Goal of the exercise:
Pictures aside, reproduce exactly and only the lines below, starting at the one containing "A cartoon illustration" and ending at the last line.
*** Opening The data ***
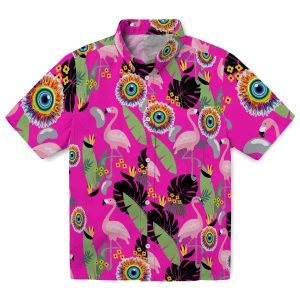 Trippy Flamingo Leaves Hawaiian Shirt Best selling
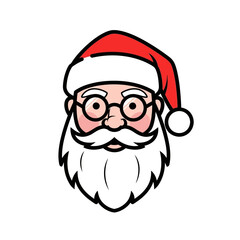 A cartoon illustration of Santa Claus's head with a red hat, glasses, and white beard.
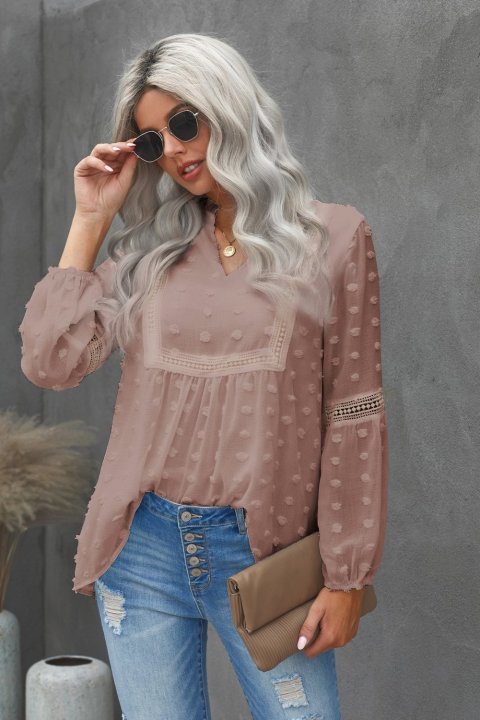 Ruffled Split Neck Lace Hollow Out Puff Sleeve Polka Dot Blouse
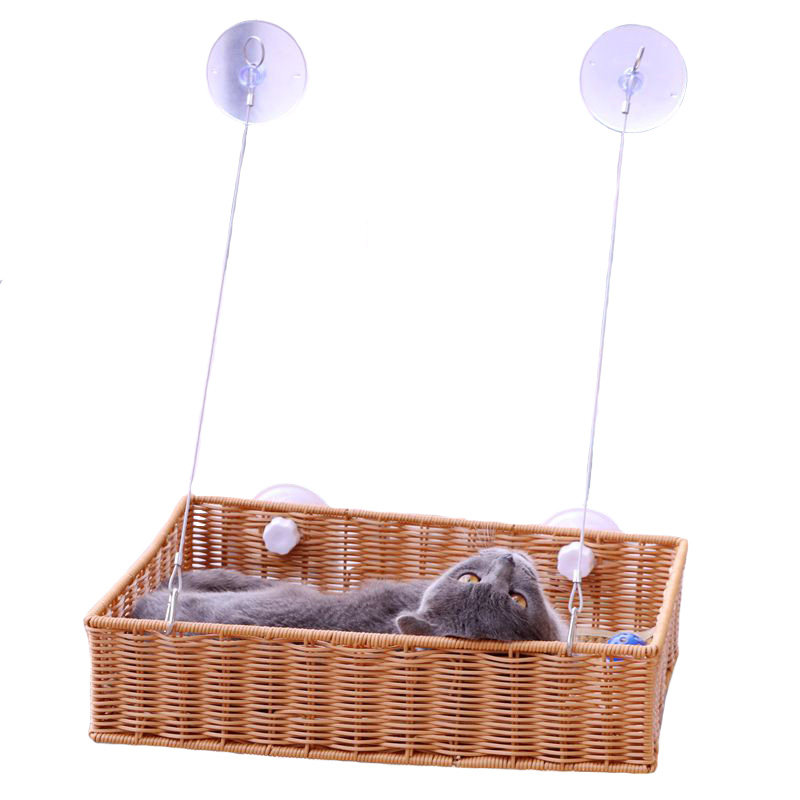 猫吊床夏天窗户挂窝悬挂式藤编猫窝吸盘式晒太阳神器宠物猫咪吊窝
*** Closing The data ***
Completed exercise:
 A cartoon illustration of Santa Claus's head with a red hat, glasses, and white beard.
 Ruffled Split Neck Lace Hollow Out Puff Sleeve Polka Dot Blouse
 猫吊床夏天窗户挂窝悬挂式藤编猫窝吸盘式晒太阳神器宠物猫咪吊窝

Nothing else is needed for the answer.